Bethany Charlotte Harmer (born 30 October 2000) is an English cricketer who currently plays for Derbyshire. An all-rounder, she is a right-handed batter and right-arm off break bowler. She previously played for Norfolk, Essex, Lincolnshire and The Blaze.

==Early life==
Harmer was born on 30 October 2000 in Norwich, Norfolk.

==Domestic career==
Harmer made her county debut in 2015, for Norfolk against Cumbria, in which she took 4/18, which remains her List A best bowling figures. She ended the season as Norfolk's joint-leading wicket-taker in the County Championship, with 6 wickets. The following season she achieved her List A high score, hitting 60 against the Netherlands, and was her side's leading run-scorer in the County Championship.

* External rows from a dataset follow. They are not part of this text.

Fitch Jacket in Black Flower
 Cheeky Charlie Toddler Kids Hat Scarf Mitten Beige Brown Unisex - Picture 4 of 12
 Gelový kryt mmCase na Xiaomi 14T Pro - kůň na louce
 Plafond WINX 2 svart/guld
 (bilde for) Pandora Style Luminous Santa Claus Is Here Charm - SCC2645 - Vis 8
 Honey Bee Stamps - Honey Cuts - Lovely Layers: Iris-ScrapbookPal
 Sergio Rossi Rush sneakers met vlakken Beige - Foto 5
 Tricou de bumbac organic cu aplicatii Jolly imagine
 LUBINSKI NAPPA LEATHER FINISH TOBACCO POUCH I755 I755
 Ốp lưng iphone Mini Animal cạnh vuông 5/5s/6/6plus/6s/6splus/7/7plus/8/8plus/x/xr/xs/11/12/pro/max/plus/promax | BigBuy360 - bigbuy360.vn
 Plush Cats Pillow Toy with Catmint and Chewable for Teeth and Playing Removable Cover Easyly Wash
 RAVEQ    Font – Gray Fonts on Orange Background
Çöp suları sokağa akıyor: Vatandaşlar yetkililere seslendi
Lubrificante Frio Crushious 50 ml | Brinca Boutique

She also scored 175 runs at an average of 29.16 in the 2016 Women's Twenty20 Cup. In 2017, she achieved her Twenty20 best bowling figures, taking 3/7 against Cambridgeshire.

Ahead of the 2019 season, Harmer joined Essex, helping them to third place in Division 2 of the County Championship. After the 2020 season was cancelled, Harmer played for Lincolnshire in the 2021 Women's Twenty20 Cup, playing three matches, scoring 93 runs and taking 4 wickets. She continued to play for Essex in the Women's London Championship. Harmer joined Derbyshire for the 2022 season. In Derbyshire's victory over Yorkshire, she scored her maiden Twenty20 half-century, 70 from 35 balls.

Harmer was named in the Lightning squad for the 2020 Rachael Heyhoe Flint Trophy, but did not play a match. She made her debut for the side in 2021, in the opening match of the Charlotte Edwards Cup against South East Stars, in which she made 34 from 25 balls. She went on to play five more matches in the Charlotte Edwards Cup, scoring 70 runs overall, as well as three matches in the Rachael Heyhoe Flint Trophy. She played seven matches for Lightning in 2022, across the Charlotte Edwards Cup and the Rachael Heyhoe Flint Trophy, scoring 105 runs. She was also in the Northern Superchargers squad for The Hundred, but did not play a match. In 2023, she played two matches for The Blaze (the new name for Lightning). In 2024, she played two matches for The Blaze. Harmer left The Blaze when her contract expired in October 2024.